Both groups were given headphones to unknowingly listen to a recorded discussion about animal sexual behaviour, which the researchers designed to be dull and banal. As the subjects of the experiment, the groups of people were told that the animal-sexuality discussion actually was occurring in the next room. The subjects whose strong initiation required reading aloud obscene words evaluated the people of their group as more-interesting persons than the people of the group who underwent the mild initiation to the discussion group.

In Washing Away Your Sins: Threatened Morality and Physical Cleansing (2006), the results indicated that a person washing their hands is an action that helps resolve post-decisional cognitive dissonance because the mental stress usually was caused by the person's ethical–moral self-disgust, which is an emotion related to the physical disgust caused by a dirty environment.

The study The Neural Basis of Rationalization: Cognitive Dissonance Reduction During Decision-making (2011) indicated that participants rated 80 names and 80 paintings based on how much they liked the names and paintings. To give meaning to the decisions, the participants were asked to select names that they might give to their children. For rating the paintings, the participants were asked to base their ratings on whether or not they would display such art at home.

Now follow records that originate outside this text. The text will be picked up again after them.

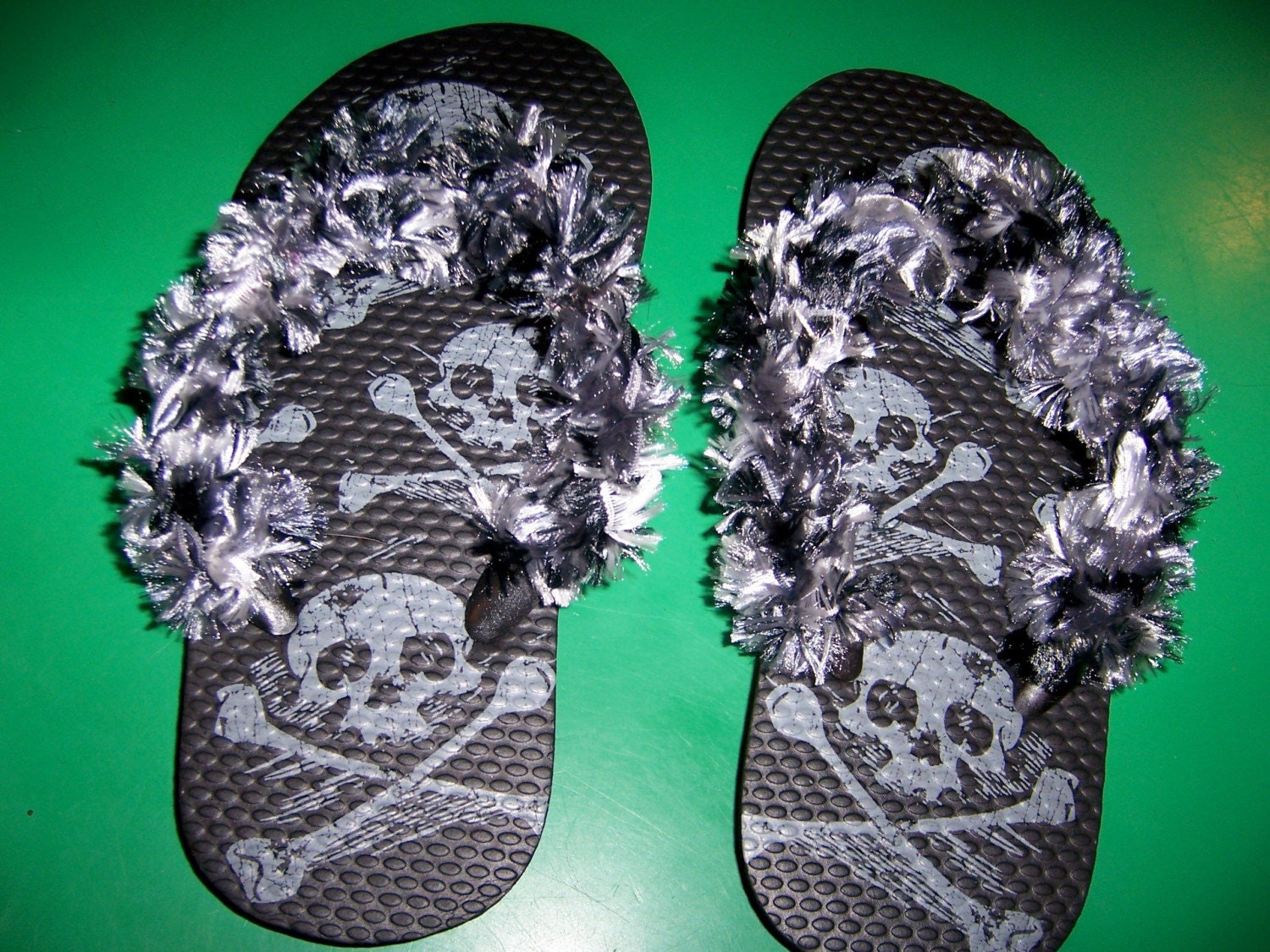 SKULL SANDALS Flip Flops Handmade Crochet Straps w/Boa Fashion Fur Childrens Small 11/12 w/FREE Shipping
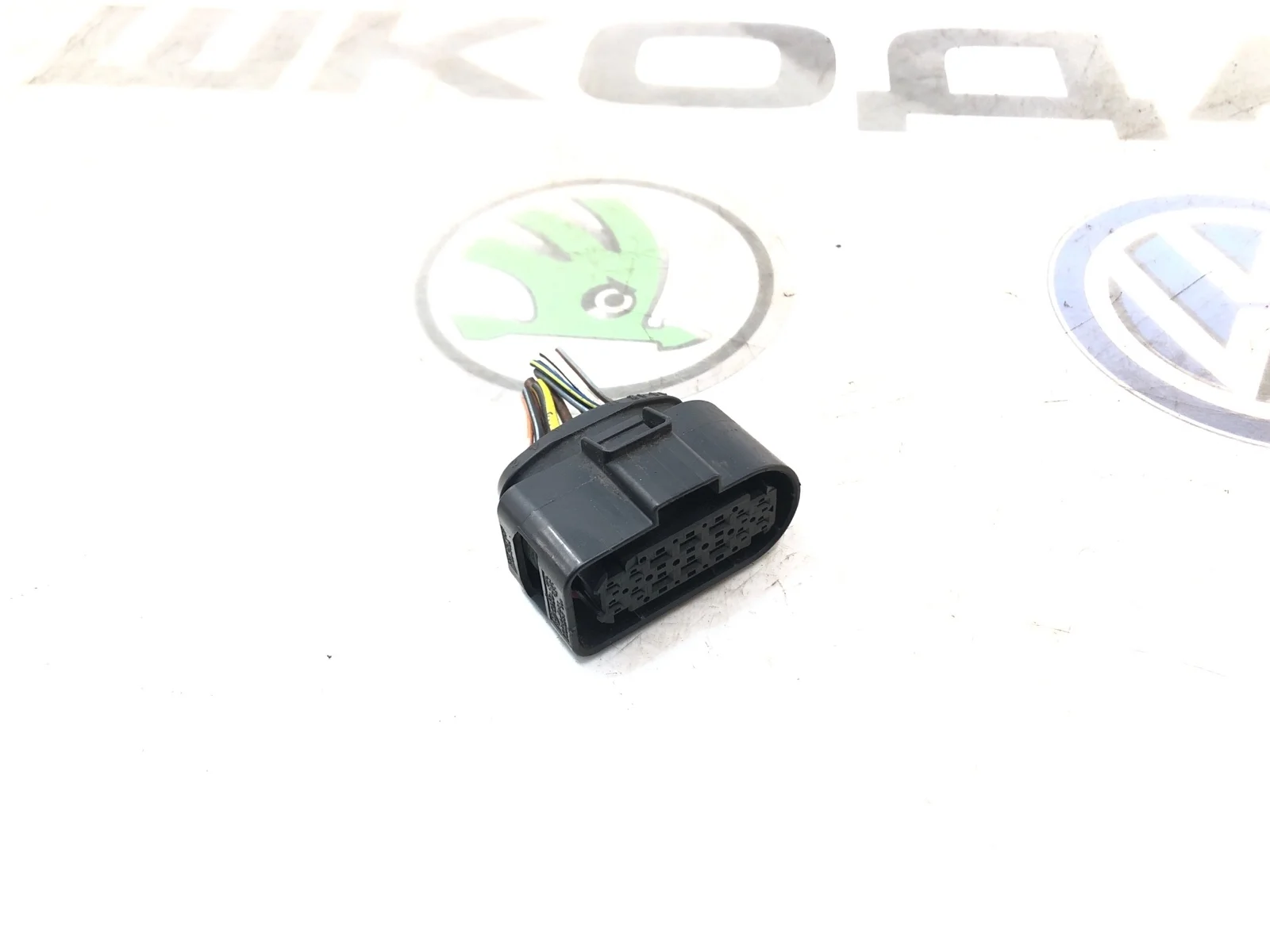 Разъем фары ксенон Skoda Superb 2016 3C0973737 3 (3V) 2.0 CRLB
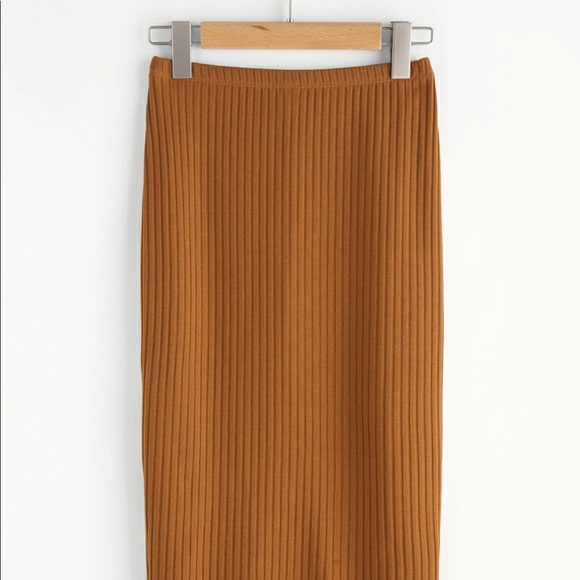 Brown Vented Back Rib Knit Skirt - Picture 3 of 4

The results indicated that when the decision is meaningful to the person deciding value, the likely rating is based on their attitudes (positive, neutral or negative) towards the name and towards the painting in question. The participants also were asked to rate some of the objects twice and believed that, at session's end, they would receive two of the paintings they had positively rated. The results indicated a great increase in the positive attitude of the participant towards the liked pair of things, whilst also increasing the negative attitude towards the disliked pair of things. The double-ratings of pairs of things, towards which the rating participant had a neutral attitude, showed no changes during the rating period. The existing attitudes of the participant were reinforced during the rating period and the participants experienced cognitive dissonance when confronted by a liked-name paired with a disliked-painting.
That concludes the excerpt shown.